Information supplied:
------------------------------------------------

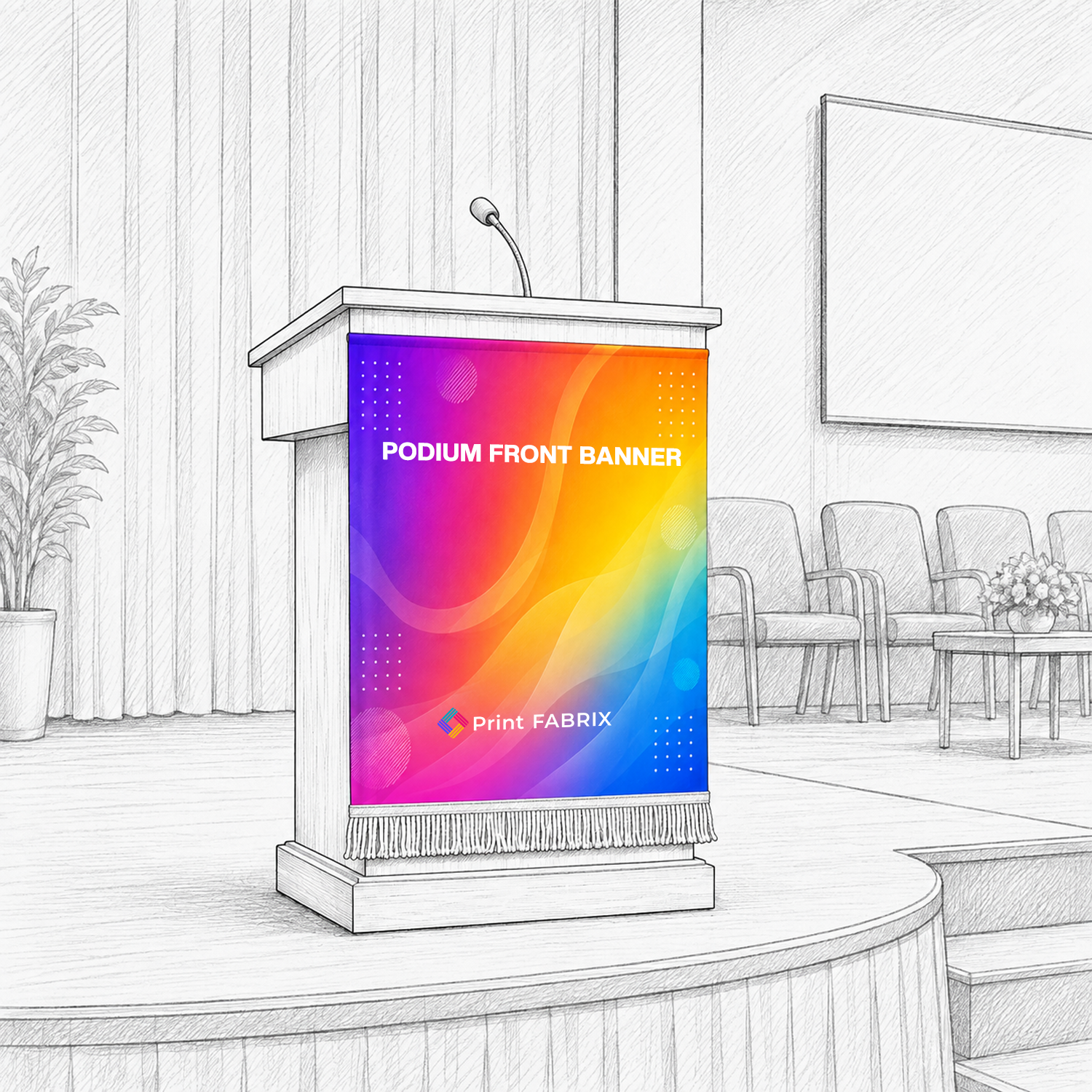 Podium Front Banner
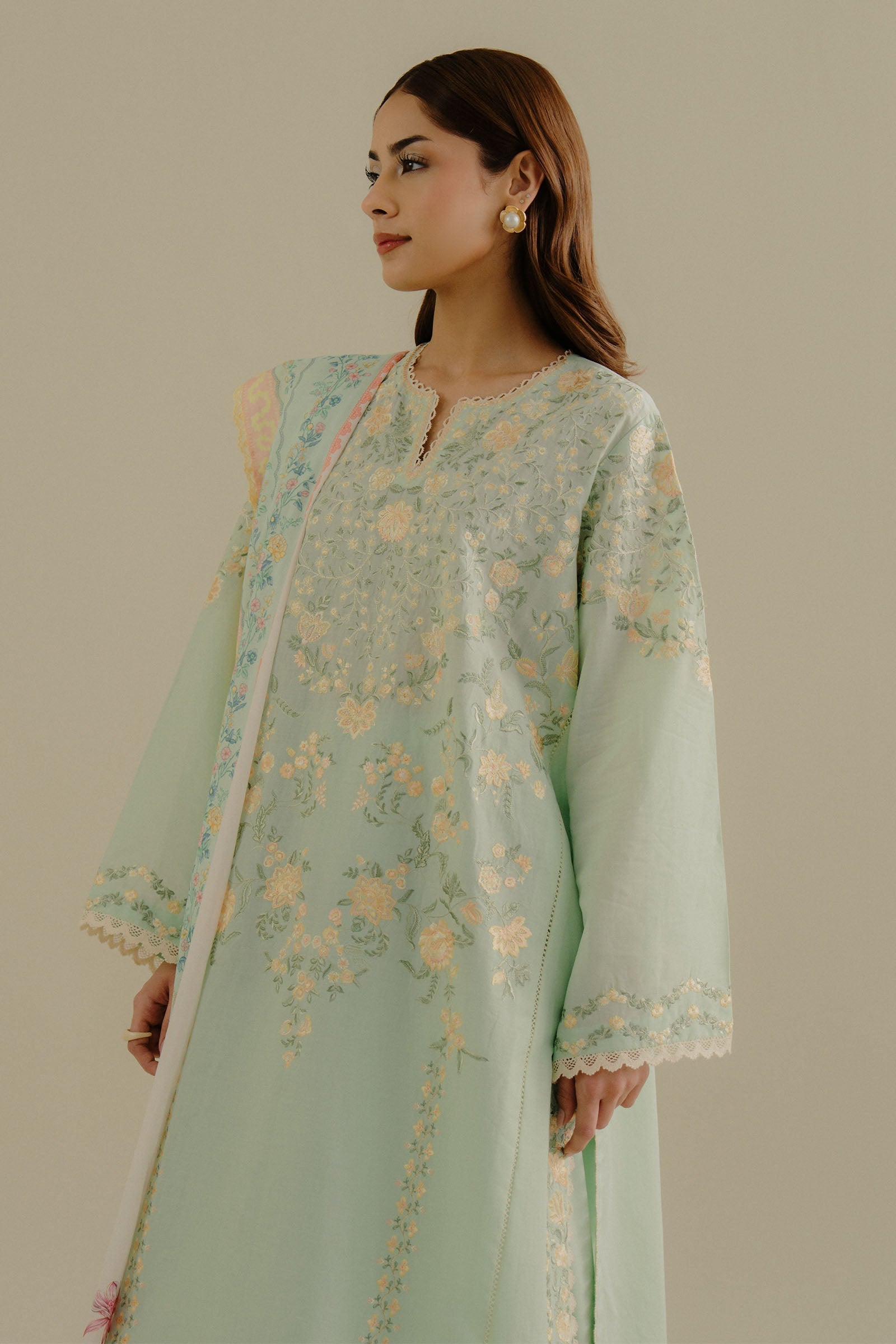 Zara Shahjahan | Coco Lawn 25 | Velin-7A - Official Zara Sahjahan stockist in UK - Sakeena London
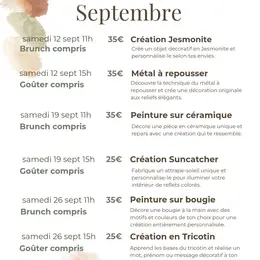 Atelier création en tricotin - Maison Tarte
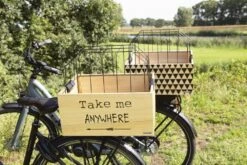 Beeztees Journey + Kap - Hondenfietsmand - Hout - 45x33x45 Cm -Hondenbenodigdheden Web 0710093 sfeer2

------------------------------------------------

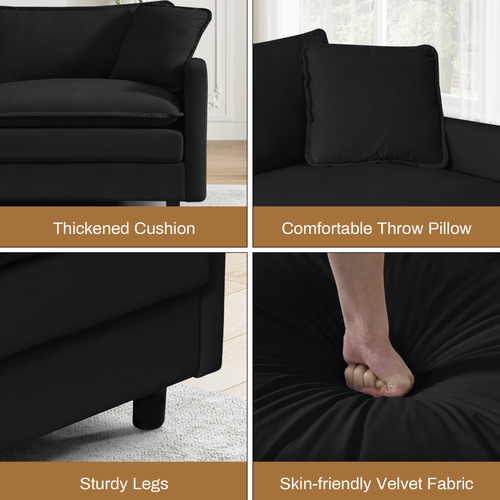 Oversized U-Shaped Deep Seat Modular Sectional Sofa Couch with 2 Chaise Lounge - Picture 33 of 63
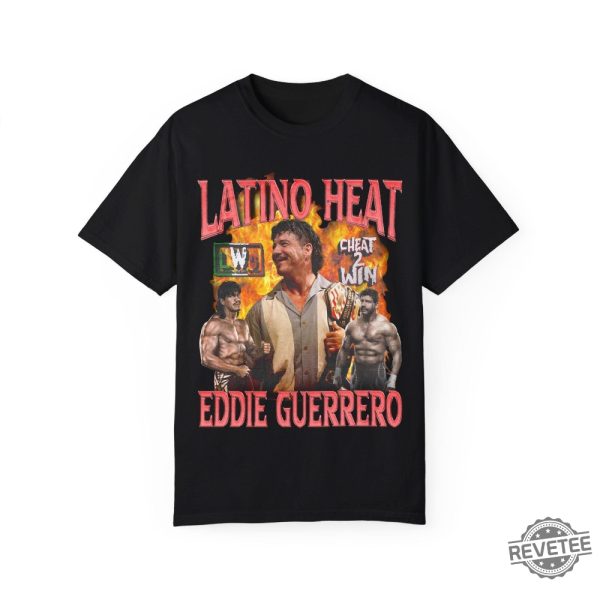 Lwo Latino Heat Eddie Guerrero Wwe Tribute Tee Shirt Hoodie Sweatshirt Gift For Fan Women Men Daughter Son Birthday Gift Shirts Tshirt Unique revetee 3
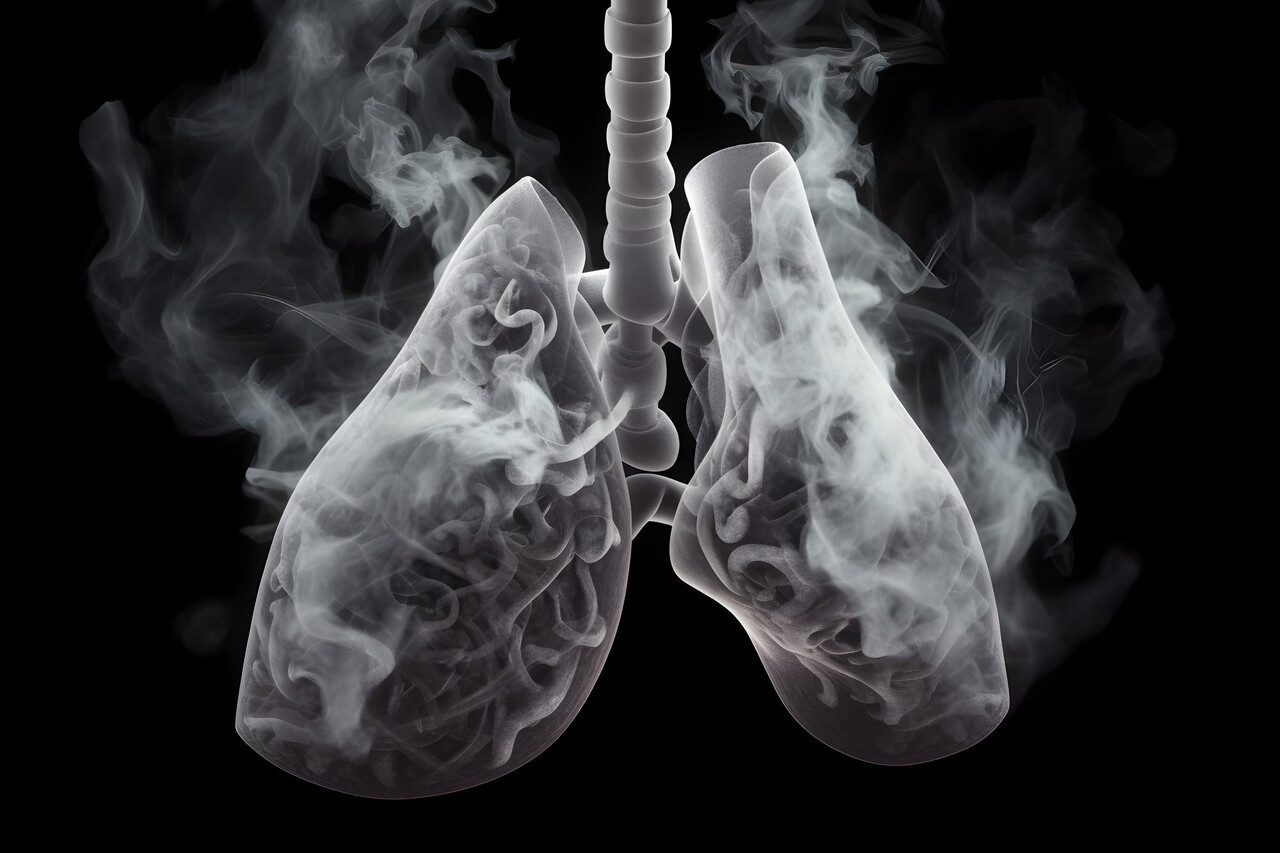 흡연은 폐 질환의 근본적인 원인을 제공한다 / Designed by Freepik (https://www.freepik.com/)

------------------------------------------------

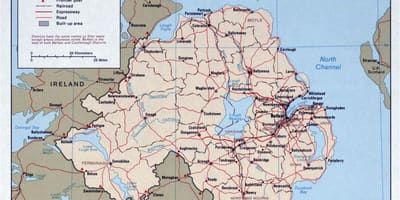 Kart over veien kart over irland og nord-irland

------------------------------------------------

Your instructions: Everything above from the line containing "Podium Front Banner" down to the line containing "Beeztees Journey +" is to be duplicated exactly, both lines included, and the pictures are to be omitted.

Output of the task:
 Podium Front Banner
 Zara Shahjahan | Coco Lawn 25 | Velin-7A - Official Zara Sahjahan stockist in UK - Sakeena London
 Atelier création en tricotin - Maison Tarte
 Beeztees Journey + Kap - Hondenfietsmand - Hout - 45x33x45 Cm -Hondenbenodigdheden Web 0710093 sfeer2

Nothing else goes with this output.